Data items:
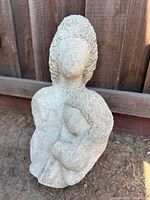 Front view of full stone sculpture showing mother holding child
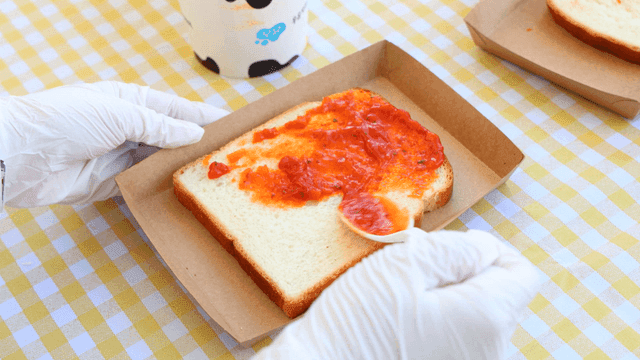 Spreading tomato sauce on bread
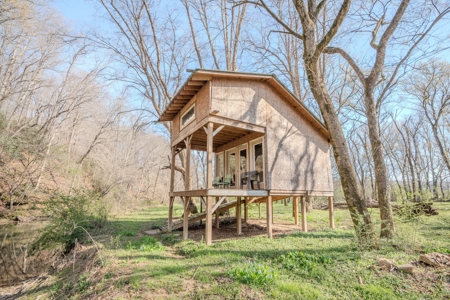 Creekfront Land for Sale in Tennessee with Pond, Shop, and Cabins - image 36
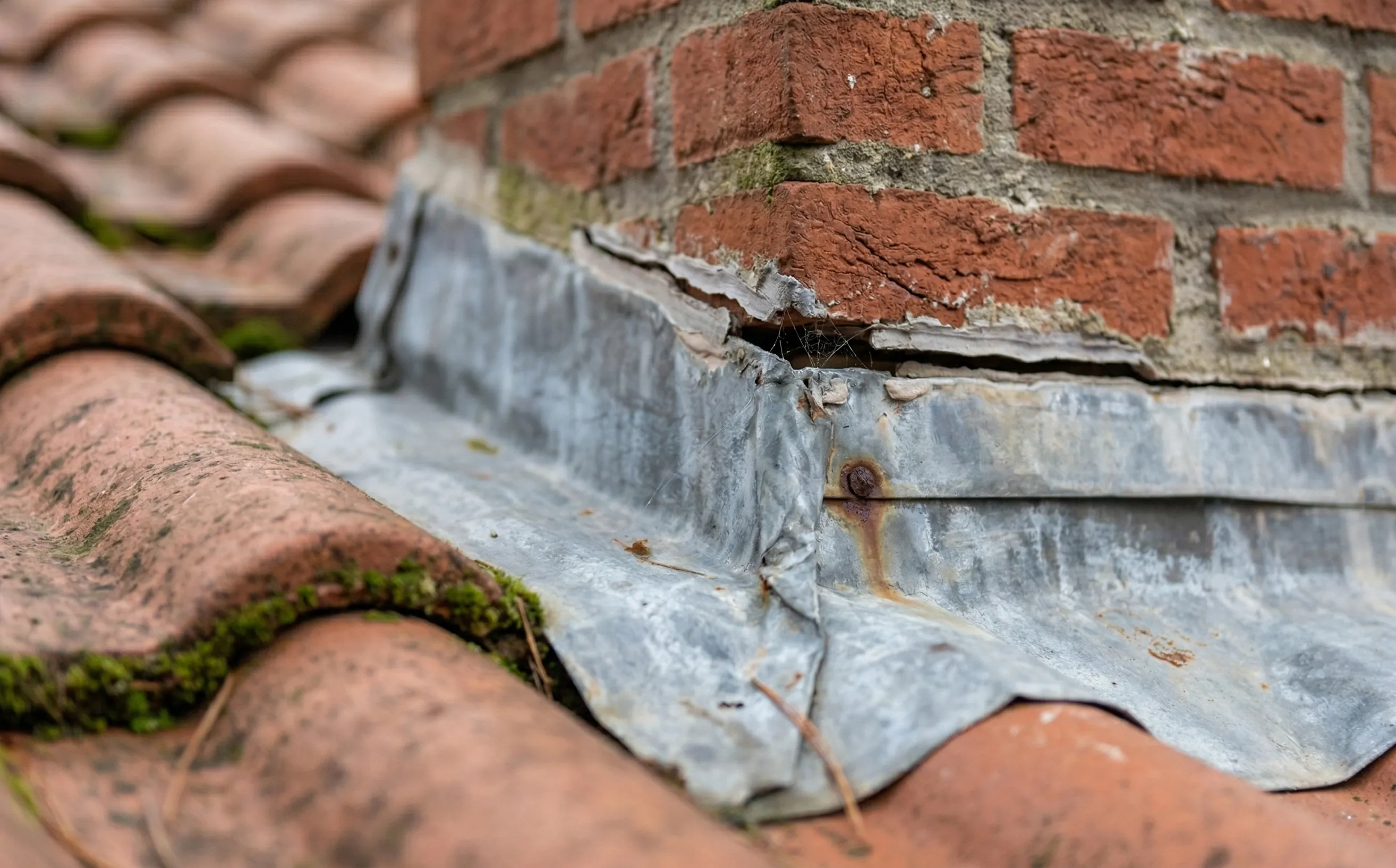Gros plan sur un solin de cheminée en zinc patiné, joint mastic partiellement décollé, tuiles mécaniques avec traces de mousse au raccord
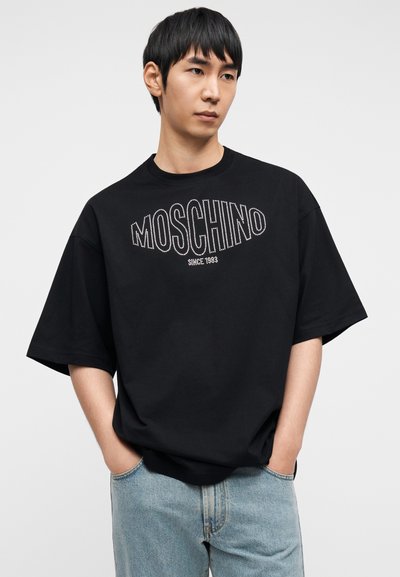 Μαύρο βαμβακερό μπλουζάκι με το λογότυπο "MOSCHINO" σε λευκό περίγραμμα και την ένδειξη "1983" κάτω από αυτό, άνετη εφαρμογή, κοντά μανίκια, συνδυασμένο με τζιν παντελόνι.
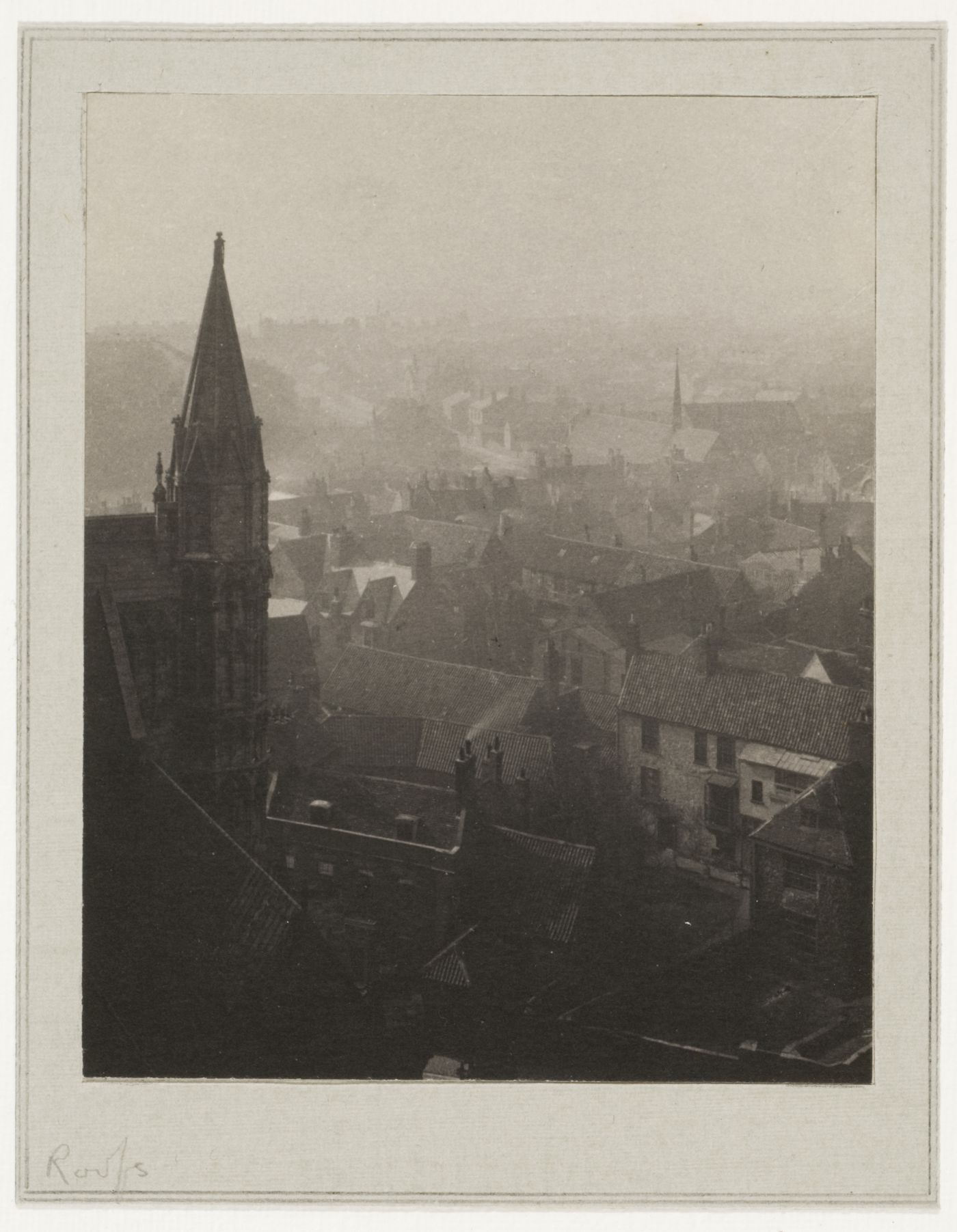 View of the bell tower of Lincoln Cathedral and surrounding roof-tops, Lincoln, England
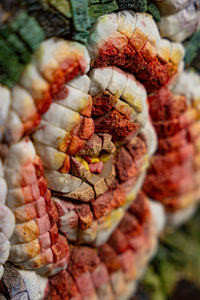 Intricate mosaic art featuring vibrant red, orange, and green tiles — a stunning display of craftsmanship and texture.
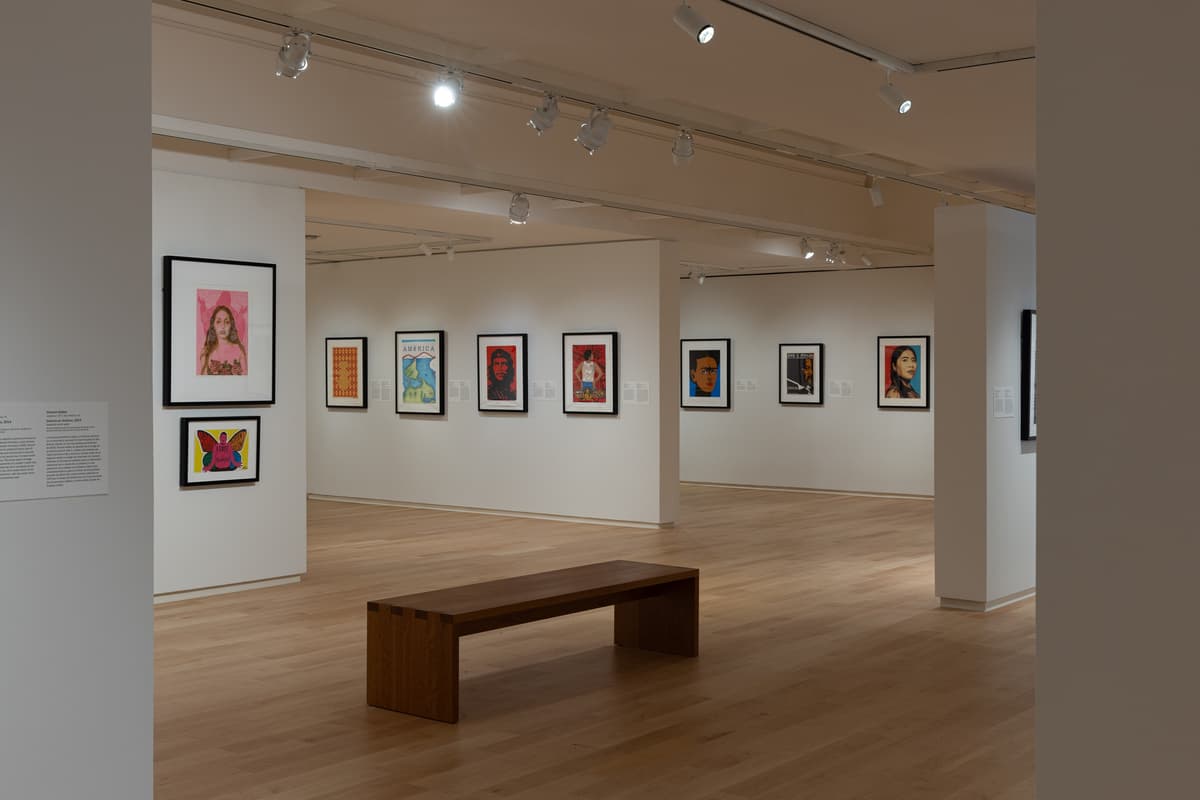 Wide view of the gallery space featuring colorful framed portraits, posters, and prints with a wooden bench placed centrally on the wooden floor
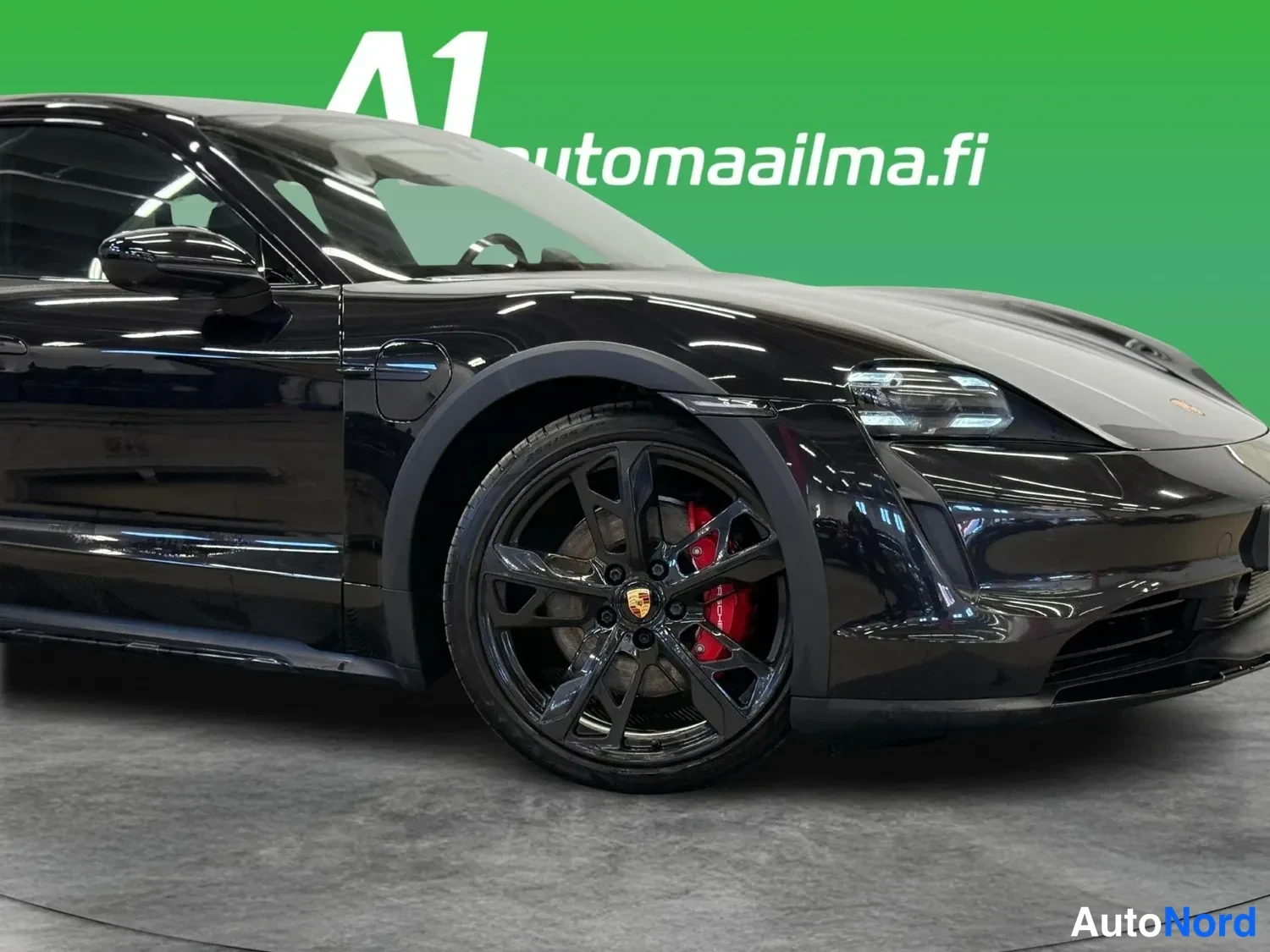Etuviisto, nokka oikealle: Mustan Porsche Taycanin keula ja etummainen sivupinta lähikuvassa; tumma vante ja punainen jarrusatau näkyvät.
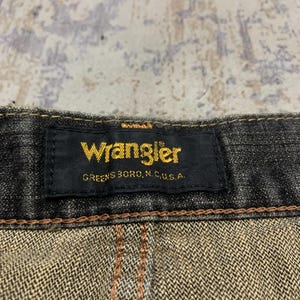Pu&ograve; includere: Primo piano di un'etichetta nera di jeans Wrangler con scritte dorate. L'etichetta recita "Wrangler" e "Greensboro, N.C., U.S.A." I jeans hanno cuciture marroni e un aspetto denim strutturato.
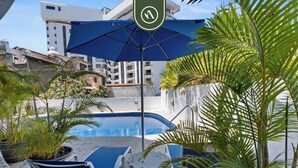 A swimming pool area with lounge chairs and umbrellas, surrounded by potted plants and modern buildings in the background. - Stunning 2 BR Condo - Oceanview Terrace - Downtown (Puerto Vallarta)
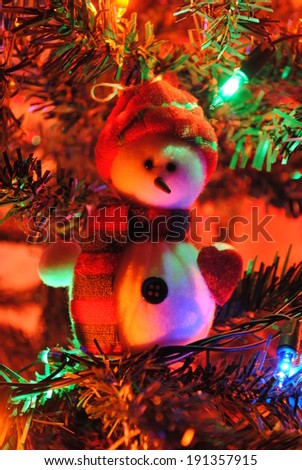 Snowman in the light of Christmas decorations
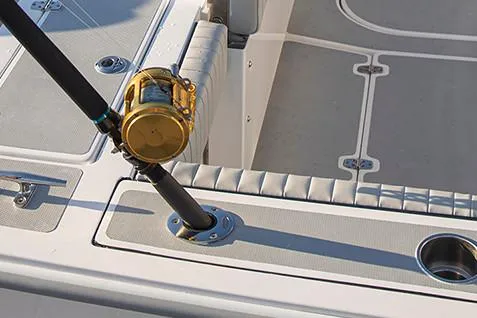 Slide: The Image of Manufacturer Provided Image: Fishing rod holder on 2026 NorthCoast 255 HT boat deck, featuring cushioned seating. - 9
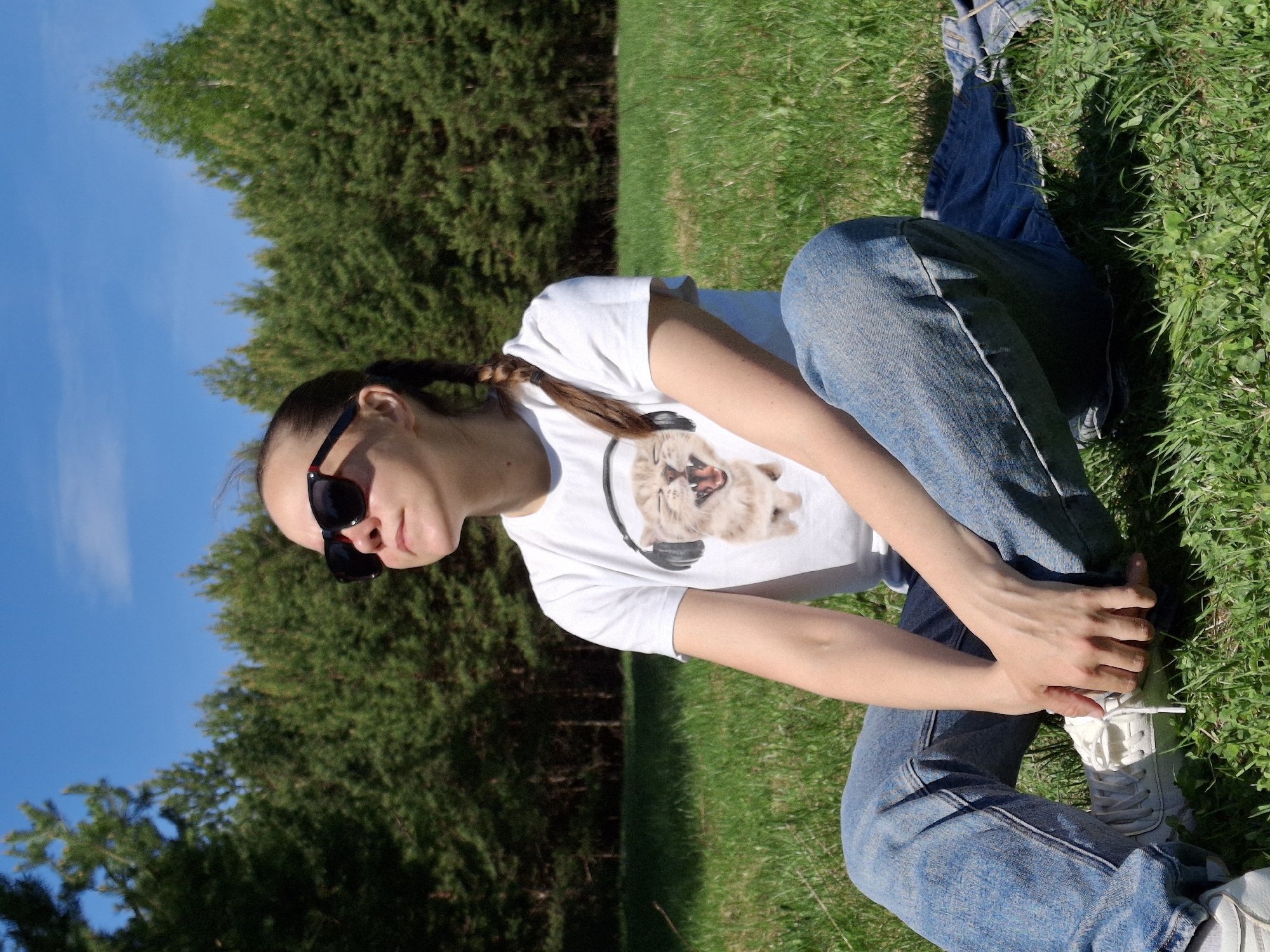 A woman with a brown ponytail, wearing sunglasses, a white t-shirt with a cat wearing headphones graphic, and blue jeans, is sitting cross-legged on a grassy area. She is holding the laces of her white sneakers. Behind her are green trees and a blue sky. Discarded denim fabric is near her on the grass. The location is likely Chaikovsky, Russia, as indicated by the prompt.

REQUIRED WORK: Print only the lines from the first line of the data above through the one containing "Gros plan sur", exactly as they are, with pictures omitted.

ANSWER AREA:
 Front view of full stone sculpture showing mother holding child
 Spreading tomato sauce on bread
 Creekfront Land for Sale in Tennessee with Pond, Shop, and Cabins - image 36
Gros plan sur un solin de cheminée en zinc patiné, joint mastic partiellement décollé, tuiles mécaniques avec traces de mousse au raccord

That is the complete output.